Big changes often come in many small almost unnoticeable steps. When looking back two or three decades none of us would ever have predicted the break-up of the Soviet Union and the end of apartheid in South Africa.

 We could never have imagined using technology like skype or facebook to communicate with family and friends living in distant corners of the world with a pocket-sized smart-phone from virtually any location.

 On the political side we have seen the bankruptcy of ideologies such as communism and apartheid that tried to impose fixed systems that simply could not work in a fast-changing world. I would even dare to say that what we are now seeing in the Ukraine, Russia, the Middle East, North Korea and China are the last kicks of the dying horse of political and religious dogma. And we know from the past that when major changes are coming it is initially accompanied by a lot of turmoil.

 Russian President Putin’s power-posturing in the Crimea comes out of a position of weakness and the loss of the eastern Ukraine to a people’s revolution seeking freedom. There is more to come, even in Russia itself.
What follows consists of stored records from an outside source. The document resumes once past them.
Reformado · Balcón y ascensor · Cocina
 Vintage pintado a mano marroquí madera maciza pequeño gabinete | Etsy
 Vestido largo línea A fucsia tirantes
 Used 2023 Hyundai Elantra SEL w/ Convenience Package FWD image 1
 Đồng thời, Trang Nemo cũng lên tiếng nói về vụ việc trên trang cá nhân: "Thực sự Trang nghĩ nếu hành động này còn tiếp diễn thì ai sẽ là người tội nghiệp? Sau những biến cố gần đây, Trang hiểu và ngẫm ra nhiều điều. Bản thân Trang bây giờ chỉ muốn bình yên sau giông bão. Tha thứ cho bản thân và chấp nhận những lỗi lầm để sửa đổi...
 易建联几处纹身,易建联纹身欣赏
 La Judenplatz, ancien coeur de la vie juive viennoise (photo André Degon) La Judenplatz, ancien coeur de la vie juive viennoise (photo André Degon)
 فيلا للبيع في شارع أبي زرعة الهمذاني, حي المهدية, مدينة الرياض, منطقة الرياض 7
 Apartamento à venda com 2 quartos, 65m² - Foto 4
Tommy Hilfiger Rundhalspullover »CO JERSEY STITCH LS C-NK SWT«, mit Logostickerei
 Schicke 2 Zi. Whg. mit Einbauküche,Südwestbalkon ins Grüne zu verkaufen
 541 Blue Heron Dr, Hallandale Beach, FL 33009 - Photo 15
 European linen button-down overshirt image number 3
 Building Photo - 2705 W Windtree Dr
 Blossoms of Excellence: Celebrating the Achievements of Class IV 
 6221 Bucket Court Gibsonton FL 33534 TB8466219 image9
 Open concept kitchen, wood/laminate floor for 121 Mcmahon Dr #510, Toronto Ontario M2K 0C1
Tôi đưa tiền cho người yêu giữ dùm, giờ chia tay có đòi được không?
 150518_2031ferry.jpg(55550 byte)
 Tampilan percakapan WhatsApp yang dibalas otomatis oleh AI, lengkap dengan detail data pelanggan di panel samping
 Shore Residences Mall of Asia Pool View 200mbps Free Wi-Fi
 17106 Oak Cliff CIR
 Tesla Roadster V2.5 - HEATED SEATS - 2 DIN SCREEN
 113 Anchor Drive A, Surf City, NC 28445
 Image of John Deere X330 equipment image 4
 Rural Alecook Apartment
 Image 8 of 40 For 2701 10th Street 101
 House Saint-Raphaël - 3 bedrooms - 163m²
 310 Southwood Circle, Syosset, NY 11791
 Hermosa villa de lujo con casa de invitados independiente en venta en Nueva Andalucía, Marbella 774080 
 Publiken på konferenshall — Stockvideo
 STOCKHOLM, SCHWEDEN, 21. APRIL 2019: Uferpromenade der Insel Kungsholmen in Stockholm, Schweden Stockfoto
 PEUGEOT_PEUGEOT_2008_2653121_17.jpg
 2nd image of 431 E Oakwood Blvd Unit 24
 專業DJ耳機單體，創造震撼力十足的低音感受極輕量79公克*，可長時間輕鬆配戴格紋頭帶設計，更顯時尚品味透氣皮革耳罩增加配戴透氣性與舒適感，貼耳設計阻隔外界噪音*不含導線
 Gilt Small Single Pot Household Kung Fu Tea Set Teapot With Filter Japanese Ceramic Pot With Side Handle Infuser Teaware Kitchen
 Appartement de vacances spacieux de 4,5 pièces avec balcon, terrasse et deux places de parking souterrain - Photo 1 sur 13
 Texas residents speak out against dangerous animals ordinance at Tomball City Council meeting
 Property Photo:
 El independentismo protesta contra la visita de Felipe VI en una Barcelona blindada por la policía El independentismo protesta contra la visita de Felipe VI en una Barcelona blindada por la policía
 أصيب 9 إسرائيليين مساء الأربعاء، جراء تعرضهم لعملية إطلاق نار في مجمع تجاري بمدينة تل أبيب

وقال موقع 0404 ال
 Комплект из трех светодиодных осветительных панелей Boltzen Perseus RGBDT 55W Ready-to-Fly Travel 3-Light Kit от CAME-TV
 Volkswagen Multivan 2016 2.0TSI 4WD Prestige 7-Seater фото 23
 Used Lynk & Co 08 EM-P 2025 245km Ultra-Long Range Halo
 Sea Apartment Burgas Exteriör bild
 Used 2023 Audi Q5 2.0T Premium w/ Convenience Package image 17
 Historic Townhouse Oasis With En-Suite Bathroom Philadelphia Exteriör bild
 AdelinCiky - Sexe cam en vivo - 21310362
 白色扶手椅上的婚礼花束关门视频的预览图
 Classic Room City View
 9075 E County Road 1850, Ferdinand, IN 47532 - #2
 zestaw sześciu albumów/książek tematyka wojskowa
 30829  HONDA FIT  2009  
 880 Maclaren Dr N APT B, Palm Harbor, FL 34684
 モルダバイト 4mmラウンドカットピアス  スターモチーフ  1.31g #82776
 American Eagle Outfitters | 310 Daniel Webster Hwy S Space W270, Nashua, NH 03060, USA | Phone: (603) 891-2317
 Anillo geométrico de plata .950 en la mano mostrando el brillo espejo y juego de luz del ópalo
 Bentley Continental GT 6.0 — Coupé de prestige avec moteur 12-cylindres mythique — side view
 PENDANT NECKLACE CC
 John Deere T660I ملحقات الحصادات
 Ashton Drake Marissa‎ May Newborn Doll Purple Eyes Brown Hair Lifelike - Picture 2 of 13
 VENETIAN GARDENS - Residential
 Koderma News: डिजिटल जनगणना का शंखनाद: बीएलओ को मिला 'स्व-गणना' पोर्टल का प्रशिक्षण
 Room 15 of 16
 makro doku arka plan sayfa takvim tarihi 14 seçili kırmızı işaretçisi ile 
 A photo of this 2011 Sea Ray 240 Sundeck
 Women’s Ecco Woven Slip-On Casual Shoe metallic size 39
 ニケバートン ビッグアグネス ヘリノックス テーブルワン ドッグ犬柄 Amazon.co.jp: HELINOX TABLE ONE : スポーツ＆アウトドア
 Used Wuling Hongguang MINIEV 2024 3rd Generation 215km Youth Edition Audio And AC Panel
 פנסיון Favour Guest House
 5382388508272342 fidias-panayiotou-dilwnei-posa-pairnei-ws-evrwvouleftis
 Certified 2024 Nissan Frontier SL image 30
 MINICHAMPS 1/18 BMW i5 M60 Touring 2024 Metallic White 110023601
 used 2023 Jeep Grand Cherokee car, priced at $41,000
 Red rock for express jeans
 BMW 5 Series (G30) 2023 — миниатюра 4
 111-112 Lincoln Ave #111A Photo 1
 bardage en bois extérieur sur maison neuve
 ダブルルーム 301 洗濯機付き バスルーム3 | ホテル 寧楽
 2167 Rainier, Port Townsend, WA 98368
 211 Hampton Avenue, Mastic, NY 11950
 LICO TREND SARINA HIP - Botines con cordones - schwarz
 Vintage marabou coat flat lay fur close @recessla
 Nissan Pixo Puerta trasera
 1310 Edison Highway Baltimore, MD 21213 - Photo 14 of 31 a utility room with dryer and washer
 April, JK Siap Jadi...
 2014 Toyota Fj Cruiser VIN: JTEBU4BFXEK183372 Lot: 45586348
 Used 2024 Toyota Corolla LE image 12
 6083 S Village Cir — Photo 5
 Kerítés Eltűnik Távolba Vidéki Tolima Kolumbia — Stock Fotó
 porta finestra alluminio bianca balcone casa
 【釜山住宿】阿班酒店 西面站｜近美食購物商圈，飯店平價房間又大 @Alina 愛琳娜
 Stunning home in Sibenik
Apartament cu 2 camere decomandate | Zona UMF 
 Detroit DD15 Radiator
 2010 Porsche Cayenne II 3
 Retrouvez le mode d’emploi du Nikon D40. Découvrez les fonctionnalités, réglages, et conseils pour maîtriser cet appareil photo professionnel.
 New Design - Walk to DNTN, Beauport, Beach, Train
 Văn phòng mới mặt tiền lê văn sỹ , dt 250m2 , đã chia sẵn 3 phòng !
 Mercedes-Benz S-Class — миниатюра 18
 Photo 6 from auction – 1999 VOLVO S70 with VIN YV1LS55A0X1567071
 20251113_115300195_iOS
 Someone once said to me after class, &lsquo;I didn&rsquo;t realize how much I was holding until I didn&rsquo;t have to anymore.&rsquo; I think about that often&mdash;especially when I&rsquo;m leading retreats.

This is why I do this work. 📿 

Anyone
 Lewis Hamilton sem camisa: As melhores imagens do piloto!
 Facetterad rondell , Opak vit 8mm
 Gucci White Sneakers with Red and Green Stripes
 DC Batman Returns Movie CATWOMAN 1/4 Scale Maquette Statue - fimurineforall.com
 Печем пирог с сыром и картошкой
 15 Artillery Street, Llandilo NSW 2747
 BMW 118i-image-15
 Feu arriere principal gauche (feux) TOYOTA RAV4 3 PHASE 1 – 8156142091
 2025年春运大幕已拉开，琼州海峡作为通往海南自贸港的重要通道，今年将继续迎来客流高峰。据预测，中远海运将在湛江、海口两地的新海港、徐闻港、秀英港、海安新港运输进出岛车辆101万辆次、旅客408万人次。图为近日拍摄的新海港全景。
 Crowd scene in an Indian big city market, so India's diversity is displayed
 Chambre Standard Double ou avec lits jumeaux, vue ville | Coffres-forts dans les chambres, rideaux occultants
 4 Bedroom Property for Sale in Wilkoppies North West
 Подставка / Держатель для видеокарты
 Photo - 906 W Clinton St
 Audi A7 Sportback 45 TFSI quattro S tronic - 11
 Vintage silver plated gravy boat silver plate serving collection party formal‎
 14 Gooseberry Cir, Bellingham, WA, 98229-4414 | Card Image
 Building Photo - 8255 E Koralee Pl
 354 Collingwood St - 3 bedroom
 The telecommunication/communication revolution on the economic side has given hundreds of millions of people the opportunity to access information they would otherwise never have had, cutting a swathe through the censorship attempts of dictatorial governments. The Internet is far more efficient at spreading information from the grassroots than the print media ever was, much to the chagrin of many a journalist from the old school.

 After the Internet revolution of the 1990s we are now moving into an era of networking, cooperative partnerships and sustainable economies. The signs are all out there. A lot of start-ups and many very creative individuals out there are getting together to form business partnerships, sharing their talents and knowledge. Many of them are so fed-up with the banking system that they are going into Bitcoin and other alternative forms of financing such as crowd-funding, getting a lot of new technology out there that would otherwise never be available.

 The Internet makes it all possible. Many of us are already working from home and offering our talents and skills to many different employers at the same time or joining groups of other people (living in many different parts of the world) for specific projects. I am seeing a lot of the younger folk simply refusing to join the system in big companies that have a reputation of treating their employees like machines. The most innovative, creative companies are those with small, highly motivated and talented teams. These are people with a similar mind-set getting together to start something really new and enjoying what they are doing.

 We are after all social animals that love to interact with our fellow human beings. So sooner then we might think we will be beaming 3D images of ourselves across the world with the famous catch phrase from the science fiction series Star Trek “Beam me up, Scotty.”